Fleet Foxes – Shore: Album Review

Pecknold and Co celebrate life and music in a time of plague and chaos on Shore; the new album from Fleet Foxes.

Release Date:  22nd September 2020

Label: Anti-

Formats: Digital / LP / CD (Physical formats from February 2021)

Well – it’s here, at least in download format…  Those hoping for a physical product – CD or vinyl album – will have a little longer to wait, until February next year, in fact.  But those of you who, like me, have been eagerly awaiting this long overdue next installment in the Fleet Foxes story will, no doubt, bridge that gap with the download version of their fascinating new album, Shore.

If you’re familiar with the Fleet Foxes sound, and I can’t imagine that there are many At The Barrier regulars who aren’t, then Shore will fulfill your expectations with regard to formula and musicality but will offer sufficient differences and advancements to renew your interest.  If, however, Fleet Foxes are new to you, then brace yourself for an assault on your senses. 

A detailed scrutiny reveals parallels and influences from Surfs Up period Beach Boys, similarities with The Zombies at their Odessey and Oracle zenith and smatterings of The Beatles at their most experimental, but mainly their sound is entirely their own, simultaneously ordered and anarchic, acoustic and electrifying, folky, jazzy, funky and poppy.  Does that help?
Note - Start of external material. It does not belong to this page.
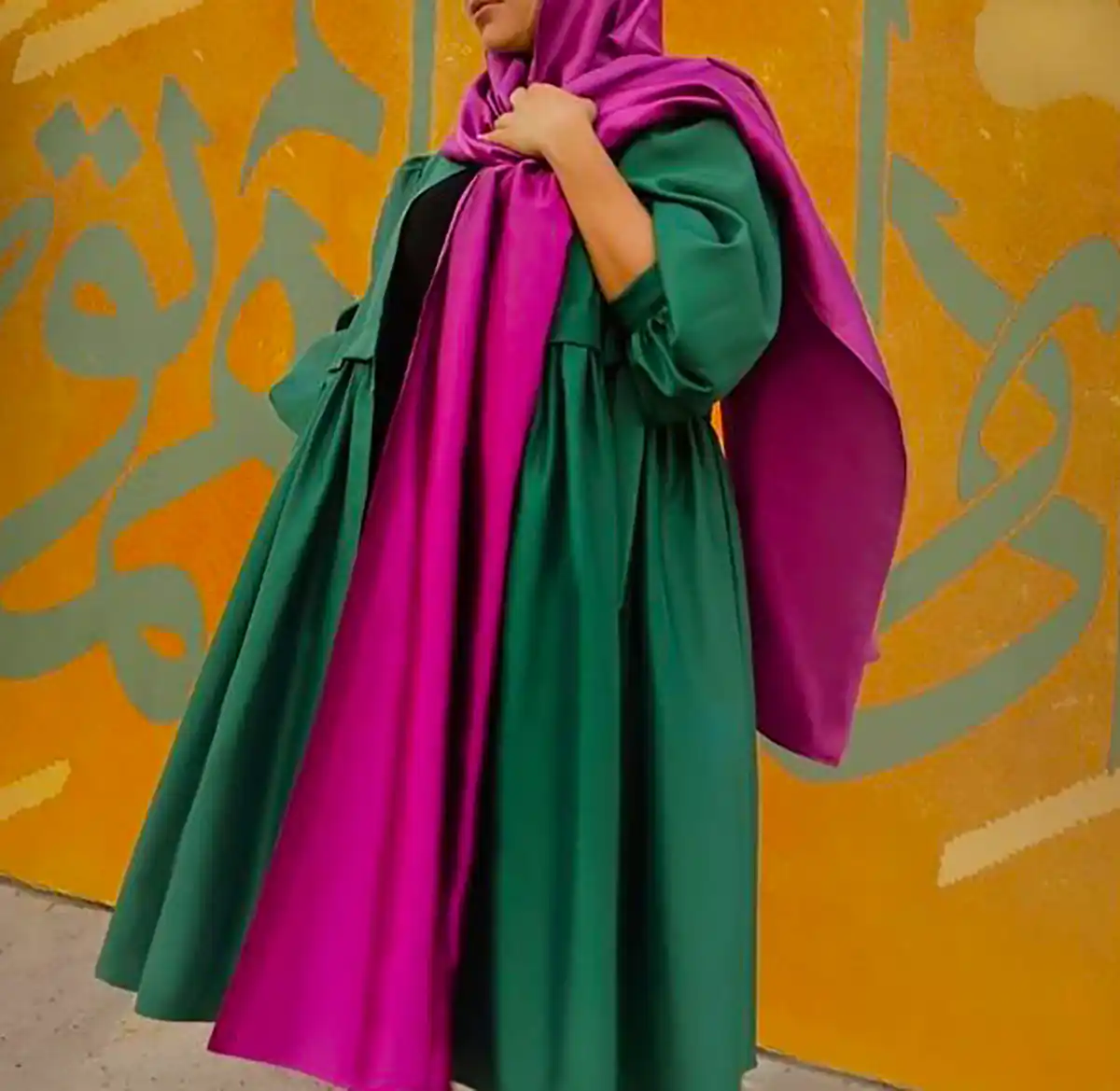 مانتو شیک و جدید زنانه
By way of overview, Shore is significantly less immediate than either their eponymous debut album or its follow-up, Helplessness Blues, but that’s not necessarily a bad thing.  As I listened to the album, I found that my impulse to make comparisons with Fleet Foxes’ previous work fell away as I was increasingly absorbed by the new music.  There are no obvious “standout” tracks like Oliver James here – Shore is a cohesive piece of work with much segueing between tracks and is clearly intended to be heard in that way.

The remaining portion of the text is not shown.